What this task involves ▸
No pictures should appear in the copy. Reproduce exactly the lines from the one containing "A hand holds" through the end of the material below.

Dataset extract ▸
:::::

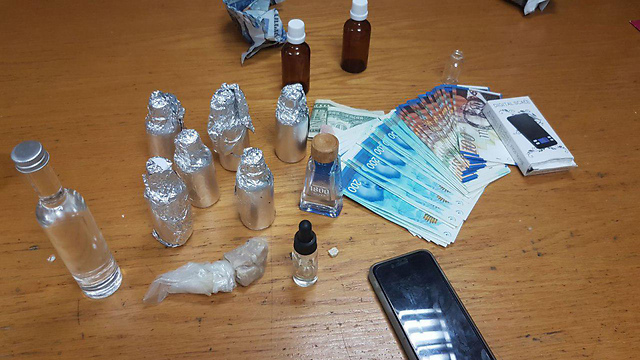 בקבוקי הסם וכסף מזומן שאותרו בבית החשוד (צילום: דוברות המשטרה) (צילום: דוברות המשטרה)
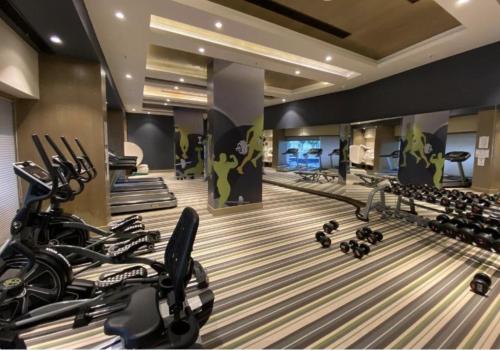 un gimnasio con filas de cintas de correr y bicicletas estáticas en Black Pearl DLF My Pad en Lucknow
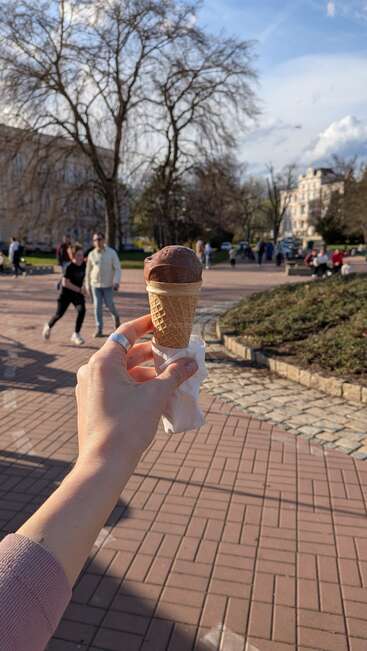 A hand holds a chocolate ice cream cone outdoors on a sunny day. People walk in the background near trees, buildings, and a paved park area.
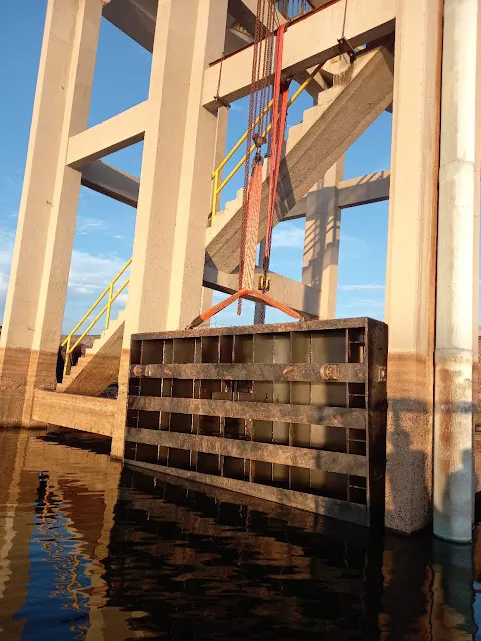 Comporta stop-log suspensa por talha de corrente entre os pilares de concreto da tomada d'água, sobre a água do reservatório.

:::::

Worked solution ▸
 A hand holds a chocolate ice cream cone outdoors on a sunny day. People walk in the background near trees, buildings, and a paved park area.
 Comporta stop-log suspensa por talha de corrente entre os pilares de concreto da tomada d'água, sobre a água do reservatório.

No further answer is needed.